Devon sold its Gulf of Mexico assets to BP (BP) and Apache (APA) for a total of $8.3 billion in 2010, exceeding the company's initial guidance to shareholders. Devon also impressed in February when it sold some of its businesses in Canada for about $2.8 billion, consolidating the company's international footprint to the Alberta oil sands and the Horn River.
This March, Devon completed a merger of its midstream business with Crosstex Energy. The combined company was then spun into general partner and master limited partnership securities, respectively - EnLink Midstream LLC (ENLC) and EnLink Midstream LP (ENLK) -- that will be controlled by Devon. Generally, Devon has exceeded expectations on its sale and spinoff of non-core business lines.
"We believe this will help unlock value for the company and highlight the value of these assets," Third Avenue Management, a Devon shareholder wrote in October of the spinoff. Devon contributed its midstream assets to the spinoff entities at a valuation of eleven times earnings before interest, taxes, depreciation and amortization (EBITDA), nearly double the company's value of six times EBITDA at the time, Third Avenue added.
Third Avenue Management is among Devon's top-20 shareholders, according to Bloomberg data as of Dec. 31, 2013, and stands out as one of just a few hedge fund investors in the company.
A Push Onshore
To replace those divested businesses, Devon has redoubled its commitment to onshore projects in North America. After acquiring GeoSouthern Energy's assets in the Eagle Ford shale for $6 billion last year, Devon's core assets will consist of the Permian Basin, the Eagle Ford, Alberta oil sands and other onshore assets such as the Mississippi Lime.
Perhaps the restructuring is complete. Devon may now be in a position to grow its oil production significantly and plug cash flow deficits that have stretched into the billions since 2010, according to Goldman Sachs. In that time span, Devon shares have underperformed the SIG Oil Exploration & Production Index by about 25% when factoring in dividends.
Devon shares have gained 3.3% year-to-date, closing Monday trading at $63.91.
Goldman now forecasts Devon to grow its oil production by 50% to 330,000 barrels per day by 2016. That rising oil production could help Devon mitigate its exposure to oversupplied natural gas markets and finance any continued cost overruns.
Weak drilling results in the Utica Shale, the Tuscaloosa Marine Shale and the Cline Shale, however, raise concern about Devon's execution.
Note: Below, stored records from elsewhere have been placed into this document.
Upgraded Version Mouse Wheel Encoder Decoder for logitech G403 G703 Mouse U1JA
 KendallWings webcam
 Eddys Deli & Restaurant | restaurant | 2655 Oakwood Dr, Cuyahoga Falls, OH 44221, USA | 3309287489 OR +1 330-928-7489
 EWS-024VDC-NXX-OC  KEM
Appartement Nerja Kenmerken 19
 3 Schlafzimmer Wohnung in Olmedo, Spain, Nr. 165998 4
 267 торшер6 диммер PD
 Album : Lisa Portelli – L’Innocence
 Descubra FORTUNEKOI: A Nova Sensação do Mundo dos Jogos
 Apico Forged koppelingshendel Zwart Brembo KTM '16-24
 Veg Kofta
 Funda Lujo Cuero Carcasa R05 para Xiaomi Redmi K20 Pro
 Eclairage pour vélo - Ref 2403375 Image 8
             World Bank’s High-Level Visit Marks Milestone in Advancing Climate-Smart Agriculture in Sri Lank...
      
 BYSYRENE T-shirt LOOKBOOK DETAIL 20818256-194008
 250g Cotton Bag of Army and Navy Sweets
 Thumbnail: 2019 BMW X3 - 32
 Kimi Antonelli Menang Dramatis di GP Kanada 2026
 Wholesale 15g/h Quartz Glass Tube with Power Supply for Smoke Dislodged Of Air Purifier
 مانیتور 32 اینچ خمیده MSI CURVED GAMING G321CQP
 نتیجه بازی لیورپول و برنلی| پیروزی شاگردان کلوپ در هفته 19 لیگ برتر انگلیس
Goldman analyst Brian Singer initiated Devon with a 'neutral' rating on March 18. The analyst said Devon is valued at a lower-multiple than restructuring industry peers; however, there is greater investor unease about the company's ability to meet capex guidance and execute on its drilling program.
If Devon succeeds in unwinding a mistimed expansion completed by former chief executive and current chairman Larry Nichols, it will be a rare energy industry turnaround orchestrated without the hand of an activist investor.
Three years of restructuring may also be the foundation from which an activist may emerge.